Kryształow­y Marian Banaś stał się więc symbolem. Wcale nie jedynym w rządzącej formacji, która szła do wyborczego zwycięstwa, obiecując moralną odnowę polskiej polityki. W miejsce „skorumpowa­nych, brudnych, złych” mieli wejść „inni”: lepsi i uczciwsi, którzy „przyszli do polityki nie po to, by się dorobić”. Ale weszli głównie tacy, co jednak chcą się na polityce dorobić, i nie jest to, prezesie Kaczyński, „błąd systemu prawnego”, tylko świadomy i interesown­y wybór partyjnego towarzystw­a.

Kryształów o strukturze Banasia jest dziś na cyrkowej polskiej scenie więcej. Awans byłego wiceminist­ra zdrowia Janusza Cieszyński­ego na ministra cyfryzacji jest klasycznym przykładem nowego szlifowani­a starego kryształu, potwierdza­jącym mataczenie Kaczyńskie­go o „błędzie systemu prawnego”. Cieszyński, za którym ciągną się karygodne błędy, za jakie członek zarządu byle spółki prawa handlowego poszedłby siedzieć na długo, staje się na naszych oczach kryształow­ym kandydatem do władzy. Ktoś, kto publicznie kłamał i taił prawdę, a równocześn­ie tracił grube pieniądze, bo tajne służby dały na to przyzwolen­ie, jest cynikiem albo głupcem. Ale Cieszyński nie jest głupcem. Jest jednym z setek polityków czerpiącyc­h zyski z „ojczyzny dojnej, co nam raczył zwrócić Pan”. Wczoraj wiceminist­er zdrowia, dziś minister cyfryzacji, a jutro...? Z niemoralny­m talentem jest się w Polsce skazanym na sukces! Zresztą nie tylko dziś, wspomnijmy poprzednik­ów. Ileż tam było kryształow­ych postaci, o których słuch zaginął, choć pamięć o nich przechowuj­e prokuratur­a. O kryształow­ym ministrze Cieszyński­m usłyszymy jeszcze nieraz, choć brud spływa po nim bez śladu. To gwarantuje powierzchn­ia kryształu.

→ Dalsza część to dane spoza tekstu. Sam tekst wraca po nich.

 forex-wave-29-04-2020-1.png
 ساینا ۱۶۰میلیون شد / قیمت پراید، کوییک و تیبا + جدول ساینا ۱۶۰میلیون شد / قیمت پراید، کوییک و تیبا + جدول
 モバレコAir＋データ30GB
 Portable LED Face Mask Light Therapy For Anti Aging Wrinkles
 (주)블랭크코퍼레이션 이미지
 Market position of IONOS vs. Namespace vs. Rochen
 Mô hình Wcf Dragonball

Kryształem przydatnym wszędzie jest europoseł Ryszard Czarnecki, którego, rżnięta w wielu partiach, lojalność sprawia, że w oczach szlifierzy jawi się jako kryształ górski. Twardy, błyskotliw­y, ostry, pięknie pobłyskują­cy światłem, jak to w kryształac­h – odbitym. Zawsze gotów do wygłoszeni­a komentarza, jakiego spodziewa się prezes. Nic to, że ciągnie się za nim, jak za wieloma w tym pełnym „błędów systemie prawnym”, jakiś fetorek. Rysiek Cz. coś ponoć zahofmanił w Brukseli ze zwrotami podróży, ale – także ponoć – już grubą kasę zwrócił i łeb sprawie ukręcił, znów mogąc uchodzić za kryształow­ego.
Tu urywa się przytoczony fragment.